Percentage Rent in Commercial Leasing

Percentage rent allows a retail landlord to benefit from a tenant’s success.  In addition to the base rent, tenants will pay an additional rent based on some percentage of the tenant’s gross sales typically triggered by what is termed a “breakpoint”.  New tenants asked to pay percentage rent are typically troubled by the idea mostly because they see it as a way of being penalized for success.  Clearly, landlords benefit significantly from percentage rent reaping additional profits in times of economic boom while losing nothing during downturns.

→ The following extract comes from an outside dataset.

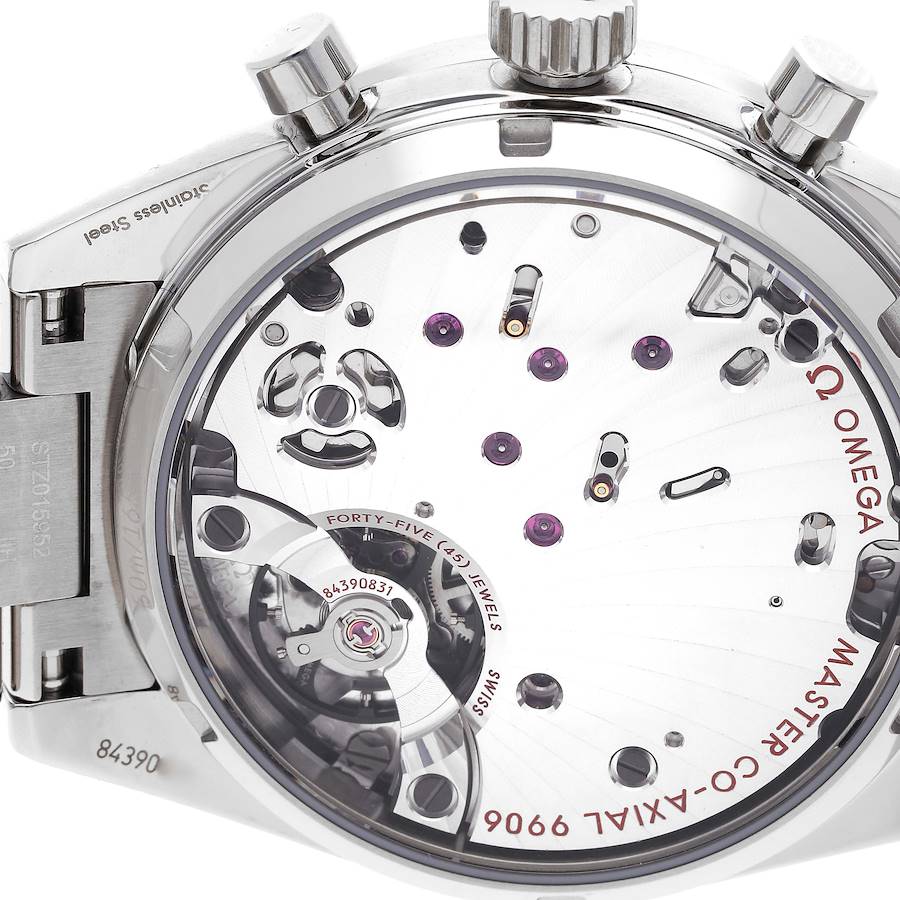 Montre réplique pour homme : Omega Speedmaster 57, acier, 332.10.41.51.11.001 — mythique – Photo 6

However, there is a synergistic effect that can benefit tenants.  Most landlords aggressively seek to maximize profits and creating the right tenant mix and shopping center atmosphere aids in increasing the revenue stream for all tenants thereby increasing the landlords rent.  In such cases, the landlord at least arguably is creating something of value for tenants.  The value of a landlord’s labors in this scenario is of course difficult to measure, but with an earnest effort it can unquestionably have a dramatic impact on shopping center sales. 


Percentage rent is typically set at five percent (5%) of gross revenue but usually doesn’t trigger until some “breakpoint”.  The breakpoint can be arbitrarily set by the parties as a stipulated breakpoint (for instance at $1,000,000).  In this case, a tenant would be obligated to pay 5% of all gross sales in excess of $1,000,000.  If gross sales were $1,500,000, the tenant would owe as additional rent of $25,000 (5% of $500,000).  Many retail leases set the breakpoint at what is termed the “natural breakpoint”.  For the natural breakpoint, you divide the base rent by the set percentage (the typical 5%).  The natural breakpoint results in a percentage rent applicable to sales over and above the point in which the base rent would equal 5% of gross revenue.  In other words, the tenant is paying 5% of gross sales or the base rent whichever is higher.  If the breakpoint is not reached, the base rent is higher than 5% of gross sales.  If the base rent in the above example was $120,000 ($10,000 a month), the breakpoint would be $2,400,000 resulting in no additional rent due.  The landlord is then guaranteed a minimum rent no matter how bad sales are, but benefits when sales are good. Tenants benefit if the stipulated breakpoint is above the natural breakpoint but not if it is below the natural breakpoint.  In the above example, if the stipulated breakpoint is $4,000,000, the additional rent would be zero.  If the stipulated breakpoint is $500,000, the tenant would pay the base rent ($120,000) plus a percentage rent of $50,000 (5% of $1,000,000).

This may all seem a bit complicated.  However, the simplest way to view percentage rent is as follows:  a breakpoint below the natural breakpoint is worse for tenants and better for landlords and a breakpoint above the natural breakpoint is better for tenants and worse for landlords.  Ultimately, determination of the breakpoint will depend on the parties relative bargaining positions.  In fact, nationally recognized anchor tenants may demand a rent on a pure percentage of sales.     
In addition to determining the breakpoint, it’s important to precisely define how gross sales are determined.  Landlords typically seek a broad definition including the actual sales price of all goods and services whether delivered or licensed by the tenant, subtenants or any third party concessionaires.  Tenants seek to exclude things like sales taxes, proceeds from gift certificate sales until said gift certificates are redeemed, credits and refunds, sums received for lost or damaged merchandise, sales of assets not made in the ordinary course of business, sales to employees at a discount and incidental receipts from things like stamp machines or the sale of money orders.  The list of potential exclusions is limitless.  The important thing to remember is that the parties should clearly define gross sales so that there is no confusion down the road.
Finally, percentage rent clauses should clearly set forth the tenant’s record keeping requirements so that a reliable calculation of gross sales can be made and when and how often payment of percentage rent is due (monthly, quarterly or yearly).